Here are some of the things we're trying to understand
how people decide what's possible.
Do you think these things could ever happen?
winning 10 billion dollars in the lottery
a bird suddenly turning into a fish
a human being living on the Moon
a person cooking and eating swamp algae
scientists bringing back the dinosaurs
a person wearing a garbage bag to work
school buses being purple, not yellow
time suddenly going in reverse
Did you find it easy or hard to answer these questions?
What did you think about when you answered them?
There are lots of different ways that people might go about thinking about the possibility of things. They might think about how things could happen. They might think about whether similar things have happened before. They might think about whether it would be right or wrong for these things to happen. They might think about whether these things would make the world a better or worse place.
We try to figure out how people reason about the possibility of events. We also want to understand how beliefs about possibility change with age, and whether kids and adults use different strategies to think about possibilities.
how people imagine their futures.
What will you be like in 10 years?
Will you be different? Will you be the same?
Have you changed already, compared to what you used to be like?
Will you keep changing? Or has it stopped?
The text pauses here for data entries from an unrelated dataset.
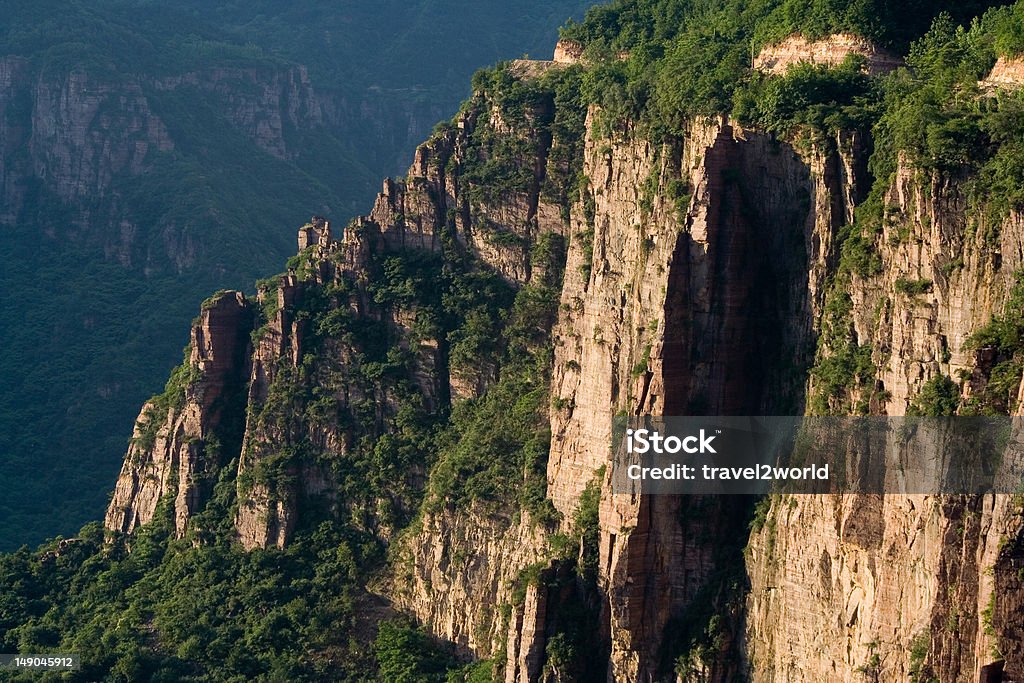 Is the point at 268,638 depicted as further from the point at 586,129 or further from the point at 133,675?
the point at 586,129

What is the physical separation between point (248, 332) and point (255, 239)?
156 feet

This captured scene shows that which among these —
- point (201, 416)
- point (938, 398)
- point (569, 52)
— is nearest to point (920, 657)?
point (938, 398)

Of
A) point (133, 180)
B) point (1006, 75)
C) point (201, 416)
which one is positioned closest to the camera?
point (1006, 75)

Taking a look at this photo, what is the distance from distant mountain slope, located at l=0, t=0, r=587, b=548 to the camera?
10981 centimetres

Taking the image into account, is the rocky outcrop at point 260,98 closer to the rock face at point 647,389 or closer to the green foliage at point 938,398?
the rock face at point 647,389

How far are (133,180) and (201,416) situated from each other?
5215 cm

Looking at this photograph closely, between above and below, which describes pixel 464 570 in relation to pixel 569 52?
below

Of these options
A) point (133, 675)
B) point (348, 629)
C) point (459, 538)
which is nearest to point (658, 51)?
point (459, 538)

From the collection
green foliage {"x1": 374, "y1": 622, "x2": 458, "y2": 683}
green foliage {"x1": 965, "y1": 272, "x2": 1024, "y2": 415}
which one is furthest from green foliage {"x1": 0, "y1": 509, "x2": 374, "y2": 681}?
green foliage {"x1": 965, "y1": 272, "x2": 1024, "y2": 415}

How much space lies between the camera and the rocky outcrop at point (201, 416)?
78875 mm

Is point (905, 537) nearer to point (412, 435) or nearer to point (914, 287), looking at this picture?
point (914, 287)

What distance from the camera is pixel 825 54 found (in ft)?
202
People find it hard to think about what the future will be like. And they find it really hard to think about their own futures. People often think that they've changed a lot to become who they are today, but that they probably won't change very much in the future.
What do people think about when they try to predict the future? Do they try to imagine what the future will be like? Do they think about how much change usually happens over time? When they think about what they'll be like when they're older, do they think about what other people usually like?
We want to know the kinds of things people think about when they think about their futures. We want to understand the mental abilities people need to imagine and predict what the future will be like, and how those abilities develop across childhood.
how people reconstruct the past & guess what comes next.
Look at this cool stack of books.
Which book was put down last?
If someone were to pick these up one-by-one, which one would they pick up 2nd?
If you were to push this stack over, which book would hit the ground first?
People are really good at thinking about the order of things across time. When you're in line at the grocery store, you know that the person in front will get checked in next. When you're told that someone came last in a race, you know that everybody else finished before them.
But you can do more complicated things, too. If someone showed you some fallen dominoes, you could guess where the chain started and where it ended. And if a child showed you that they've been marking their height on a doorframe as they get older, you'd guess that the lowest mark is the oldest and the highest mark is the newest. And you'd probably guess that the next mark would be even higher.
We want to know how people reason about the order of events across time. We also want to learn whether very young children can reconstruct the past and predict the future, just like adults.